Re: [PATCH] mm: fix zswap writeback race condition

From: Johannes Weiner
Date: Wed May 03 2023 - 10:28:55 EST


On Wed, May 03, 2023 at 03:21:48PM +0200, Domenico Cerasuolo wrote:
> The zswap writeback mechanism can cause a race condition resulting in
> memory corruption, where a swapped out page gets swapped in with data
> that was written to a different page.
>
> The race unfolds like this:
> 1. a page with data A and swap offset X is stored in zswap
> 2. page A is removed off the LRU by zpool driver for writeback in
> zswap-shrink work, data for A is mapped by zpool driver
> 3. user space program faults and invalidates page entry A, offset X is
> considered free
> 4. kswapd stores page B at offset X in zswap (zswap could also be full,
> if so, page B would then be IOed to X, then skip step 5.)
> 5. entry A is replaced by B in tree->rbroot, this doesn't affect the
> local reference held by zswap-shrink work
> 6. zswap-shrink work writes back A at X, and frees zswap entry A
> 7. swapin of slot X brings A in memory instead of B
>
> The fix:
> Once the swap page cache has been allocated (case ZSWAP_SWAPCACHE_NEW),
> zswap-shrink work just checks that the local zswap_entry reference is
> still the same as the one in the tree.

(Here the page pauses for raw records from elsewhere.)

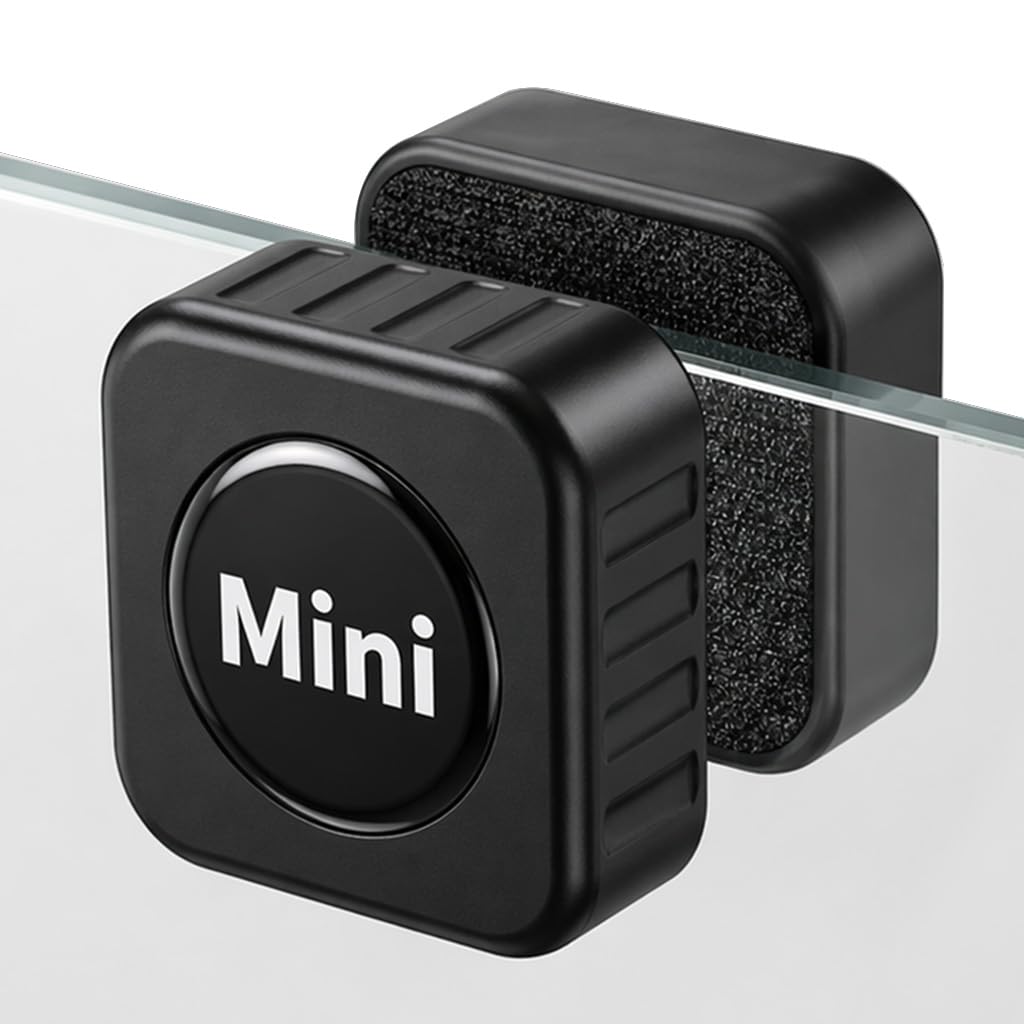 Mini Magnetic Aquarium Glass Cleaner, Fish Tank Algae Scraper Brush for Small Tanks, Strong Magnet Cleaning Tool for Crystal Clear Glass up to 6mm Thickness, No Scratch Moss & Dirt Remover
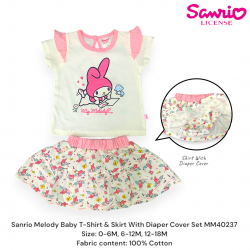 Sanrio Melody Baby T-Shirt & Skirt With Diaper Cover Set MM40237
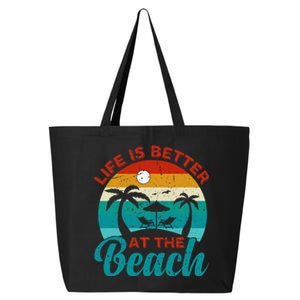 Women Retro Summer Vacation Life Is Better At The Beach 25L Jumbo Tote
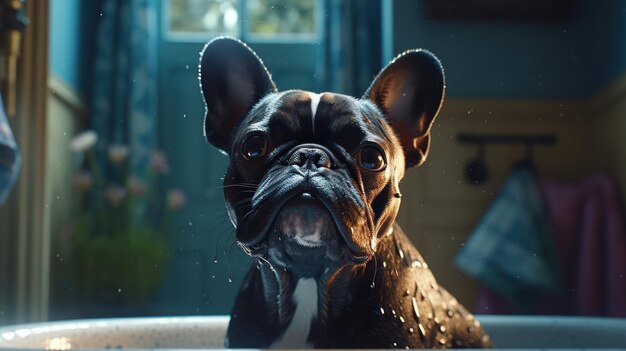 A dog in a window with a blue background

If it's not the same it means
> that it's either been invalidated or replaced, in both cases the
> writeback is aborted because the local entry contains stale data.
>
> Reproducer:
> I originally found this by running `stress` overnight to validate my
> work on the zswap writeback mechanism, it manifested after hours on my
> test machine. The key to make it happen is having zswap writebacks, so
> whatever setup pumps /sys/kernel/debug/zswap/written_back_pages should
> do the trick.
> In order to reproduce this faster on a vm, I setup a system with ~100M
> of available memory and a 500M swap file, then running
> `stress --vm 1 --vm-bytes 300000000 --vm-stride 4000` makes it happen
> in matter of tens of minutes. One can speed things up even more by
> swinging /sys/module/zswap/parameters/max_pool_percent up and down
> between, say, 20 and 1; this makes it reproduce in tens of seconds.
> It's crucial to set `--vm-stride` to something other than 4096 otherwise
> `stress` won't realize that memory has been corrupted because all pages
> would have the same data.
>
> Signed-off-by: Domenico Cerasuolo <cerasuolodomenico@xxxxxxxxx>
> ---
> mm/zswap.c | 13 +++++++++++++
> 1 file changed, 13 insertions(+)
>
> diff --git a/mm/zswap.c b/mm/zswap.c
> index f6c89049cf70..d20d60266bc8 100644
> --- a/mm/zswap.c
> +++ b/mm/zswap.c
> @@ -995,6 +995,19 @@ static int zswap_writeback_entry(struct zpool *pool, unsigned long handle)
> goto fail;
>
> case ZSWAP_SWAPCACHE_NEW: /* page is locked */
> + /*
> + * if the entry in the tree has been replaced, it means that we would
> + * be overriding the swap page with stale data, let's not do that.
> + */
> + spin_lock(&tree->lock);
> + if (zswap_rb_search(&tree->rbroot, entry->offset) != entry) {
> + spin_unlock(&tree->lock);
> + delete_from_swap_cache(page_folio(page));
> + ret = -ENOMEM;
> + goto fail;
> + }
> + spin_unlock(&tree->lock);

I think it would be beneficial to explain the exact race in the
comment above. That our local reference to the zswap entry doesn't
exclude swapping from invalidating and recyling the swap slot. Once
the swapcache is secured against concurrent swapping to and from the
slot, recheck that the entry is still current before writing.